-- Required work --
In the listing that follows, locate the line containing "Had kobra gumový měkký 48 cm" and the line containing "Yellow Daisy Blue". Retype exactly those two lines and every line between them, and nothing more.
------ Data shown ------
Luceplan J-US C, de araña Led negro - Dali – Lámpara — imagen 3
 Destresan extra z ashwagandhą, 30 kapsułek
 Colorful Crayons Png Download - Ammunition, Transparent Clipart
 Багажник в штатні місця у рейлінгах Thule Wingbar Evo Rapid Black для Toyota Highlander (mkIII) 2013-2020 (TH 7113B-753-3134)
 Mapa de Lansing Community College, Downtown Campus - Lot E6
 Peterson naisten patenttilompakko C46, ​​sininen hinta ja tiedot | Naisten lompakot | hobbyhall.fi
------
------ Data shown ------
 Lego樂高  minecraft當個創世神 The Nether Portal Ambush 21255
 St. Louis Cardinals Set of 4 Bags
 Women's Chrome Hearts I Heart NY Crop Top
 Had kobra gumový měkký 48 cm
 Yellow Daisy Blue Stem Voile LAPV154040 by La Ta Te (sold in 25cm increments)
------
-- Written answer --
 Had kobra gumový měkký 48 cm
 Yellow Daisy Blue Stem Voile LAPV154040 by La Ta Te (sold in 25cm increments)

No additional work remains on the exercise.